Looks like the wind will be tapering off some the next few days. Maybe then...


----------



## nofatum (Mar 10, 2006)

Wind definitely has been a killer. Went out to Drum Bay yesterday and only caught croaker, gafftop, stingray, hard heads, and crabs. Did land a small red too.


----------



## 348473 (Apr 12, 2017)

karstopo said:


> I'll fish sandy or off color water, it's the rough part that keeps me on the beach. Not so much into taking a beating by the breakers.
> 
> Looks like the wind will be tapering off some the next few days. Maybe then...


Yeah I don't get wet, just hop the rocks. **** getting older or something don't have that dexterity like I used to on the rocks. All put the rod down and climb down both hands on the ledge all careful like and stuff. :walkingsm


----------



## creolefish (Apr 29, 2006)

Yes the specs are thick at the jetty right now but so are the fishermen. The bait is even thicker which has the trout VERY healthy.(Didn't want to use 'thick' again)

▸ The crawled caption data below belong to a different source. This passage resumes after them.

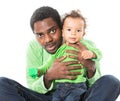 Happy black father and baby boy cuddling on isolated white background Use it for a child, parenting Royalty Free Stock Photo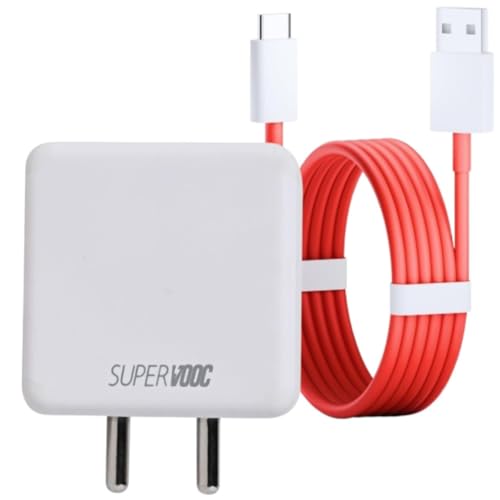 Image of Oneplus 65W Fast Charging Adaptor and USB to Type C 100 cm Cable Compatible with Oneplus, Samsung, Realme, Xiaomi and Oppo Mobiles, Dash, Vooc, Supervooc All Protocols Supported | 65 w Charger, White
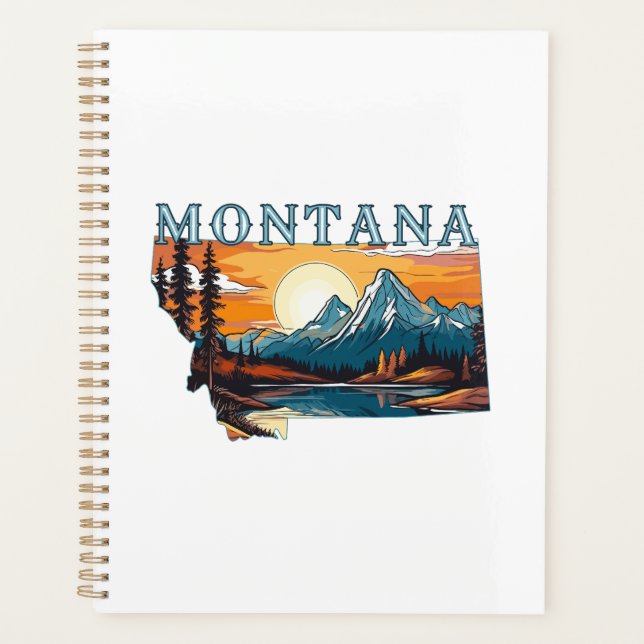Agenda Montañas de contorno de Montana (Anverso)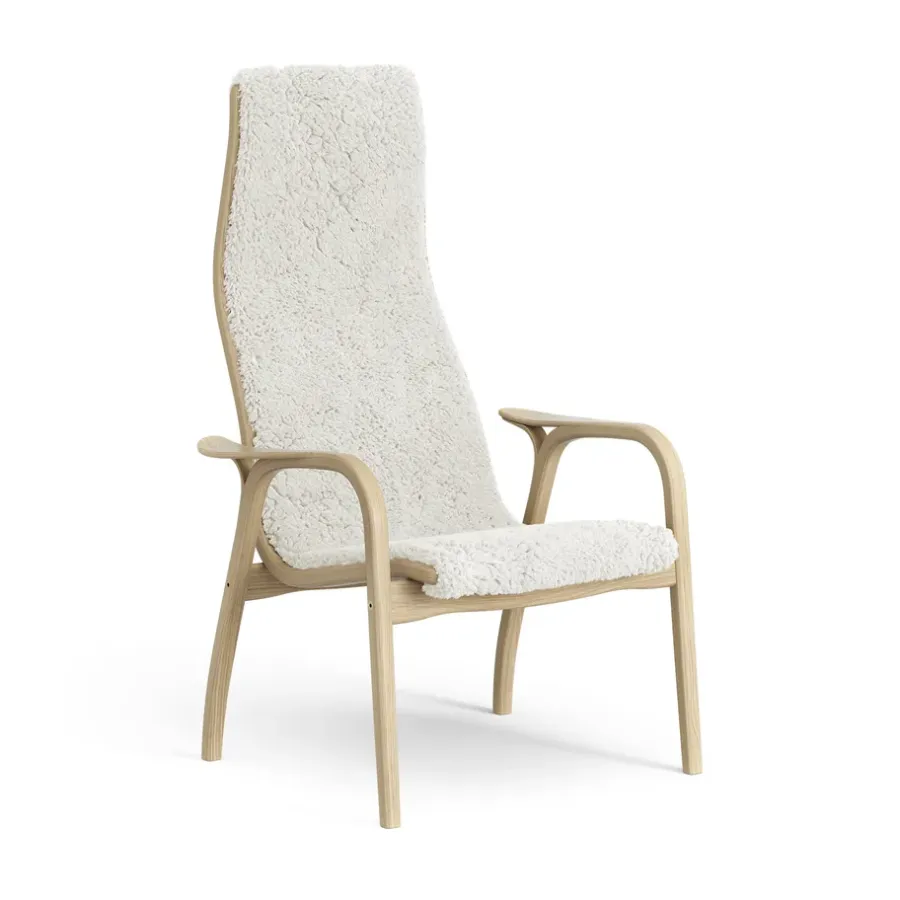 Lamini barnfåtölj lackad ek/fårskinn, Offwhite (vit)^Swedese Discount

Sent from my SM-G950U using Tapatalk


----------



## chickenfingers (Jun 28, 2016)

anybody know if surfside access roads are back open yet? 
It's going to be a short trip in the morning if not.


----------



## teeroy (Oct 1, 2009)

Fished around the pass (surf) this morning (6/1) and it was slow. Going back Sunday night for the major feed.


----------



## BrAin (Aug 28, 2006)

A friend sent me a screenshot of a couple people on Facebook with limits of trout caught in the surf. A couple really nice ones too. Wind looks to be fairly calm this morning. Best of luck to those who can get out there today.

Sent from my LM-G820 using Tapatalk


----------



## 348473 (Apr 12, 2017)

Huge trout at end of SS jetties. Only place trout were, was at the very end. Bait piled up it was crazy. Smacks were there too after slack tide.

Sent from my FRD-L14 using Tapatalk


----------



## BrAin (Aug 28, 2006)

hurricane matt said:


> Huge trout at end of SS jetties. Only place trout were, was at the very end. Bait piled up it was crazy. Smacks were there too after slack tide.
> 
> Sent from my FRD-L14 using Tapatalk


Thanks

Sent from my LM-G820 using Tapatalk


----------



## teeroy (Oct 1, 2009)

Started at Pleasure Pier at 0100 (6/3), picked up a few keepers and then headed down toward the Pass about 0330. Fished at the pass until 0730. Caught a bunch between 0515-0600. Turned off after that. Reeled in a trout with just a head so maybe they were scared off. Water was nice. They liked tops and corky nothings.


----------



## Flat Nasty (Apr 12, 2019)

should be firing off now boys . I went out to freeport jettis for lunch yesterday and the water looked great. the surf was starting to get alittle rough by 11 but im sure the morning are perfect right now


----------